En mis continuas y recurrentes visitas al primer piso de Alem y Montecaseros fui descubriendo más y más angelitos con diferentes misiones. Estaba el angelito gordo que ofrecía vacunas antitetánicas a diestra y siniestra, y que con paciencia explicaba los beneficios de tal inyección aunque no lo hacía de forma mecánica sino que lo recitaba como a una poesía, con palabras seductoras y al alcance de todos, con paciencia y con una sonrisa agradable en su basto rostro. Vaya a saber cuántas vidas salvó con su oratoria. O aquel otro angelito, el del otro lado del cristal bajo el cartelito que decía “Información”, que se tomaba cada consulta muy a pecho y hasta que el consultante no fuese debidamente instruido no se sentía satisfecho; y así con los centenares que pasaban frente a él cada mañana. También ése al que vi consolando con un abrazo blanco a un señor mayor que lloraba en las escaleras. O incluso ese otro, que aleccionaba con dulzura a los que estaban sentados en el suelo, que el piso es el peor lugar de los hospitales porque ahí se encuentra la mayor cantidad de gérmenes, por más inmaculado que se vea.
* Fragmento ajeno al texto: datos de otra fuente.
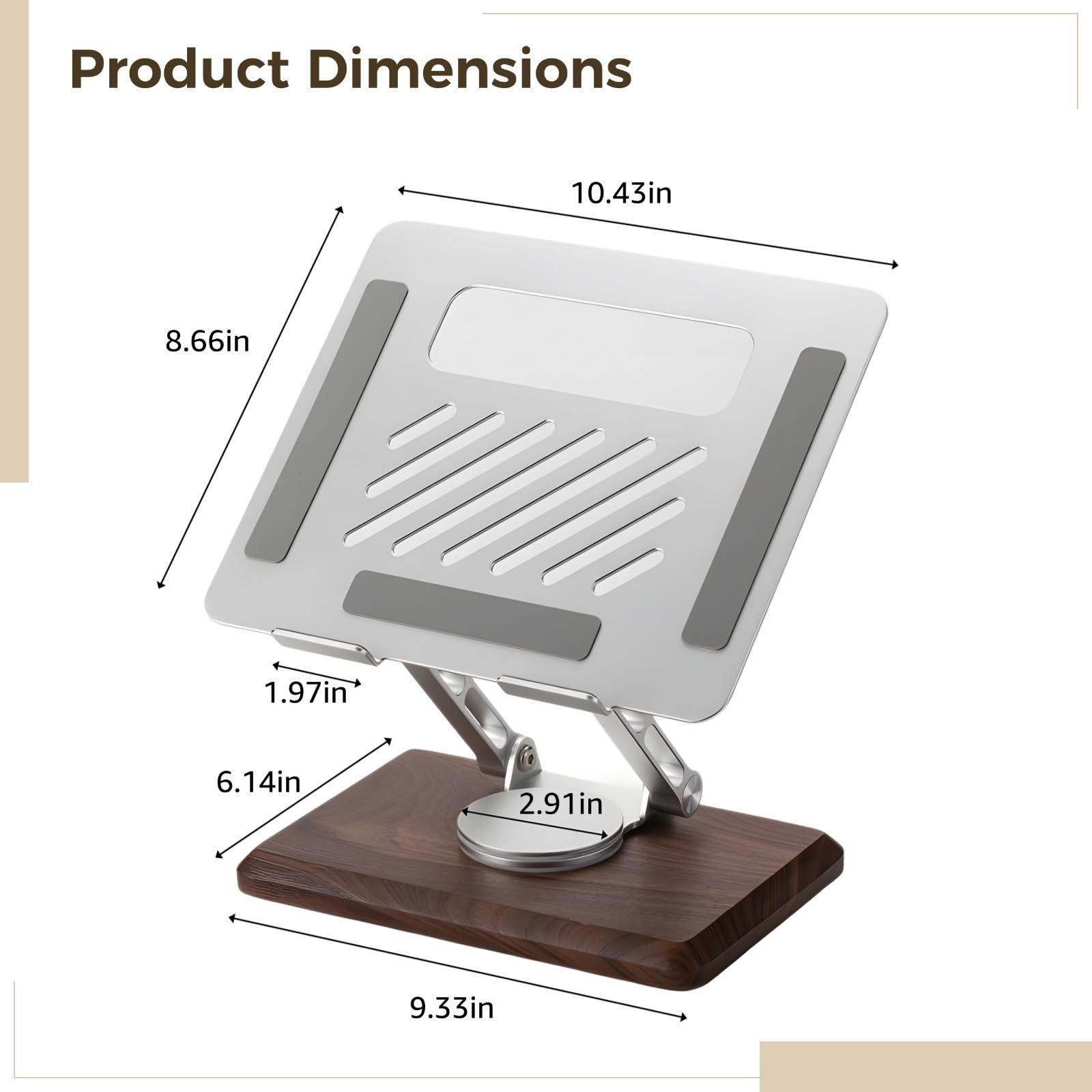 Регулируемая по высоте подставка для ноутбука с вращением на 360, фото №3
Yo también tuve mi propio angelito. Una vez, cuando me estaban preparando para una operación, un angelito de esos que se llaman enfermeras adivinó mi miedo. Se sentó a mi lado y, maternalmente, me tomó de la mano. Me empezó a hablar de cosas cotidianas, simples, pero con un tono en su voz que trasmitía tranquilidad, la contagiaba. Me fue llevando por el camino de la distracción hasta que el sopor me hundió en el negro de la anestesia. Lo último que escuché fue su voz suave diciendo que todo iba a estar bien, y me llevé su sonrisa al mundo de los sueños químicos.

Todo el Hospital Central de Mendoza está repleto de esos angelitos invisibles, iguales a todos que andan repartidos por los hospitales del mundo. Cada uno con su anonimato, con su humanidad tan humana, tan tibia, de agujeros en los bolsillos por el sueldo bajo, de ojeras pronunciadas por las horas sinfín luchando a favor de otros. Caras en apariencia gruñonas que esconden la belleza de la solidaridad sin precio. La ayuda solo por la ayuda, más allá de la responsabilidad del trabajo.

Estoy seguro de que cuando, en un hospital, alguien perdido entre la multitud cante, sin saberlo, esa canción

Hello, 
Is there anybody in there 
Just nod if you can hear me 
Is there anyone at home 
come on now, 

un angelito vestido de enfermera va a responder a su llamado.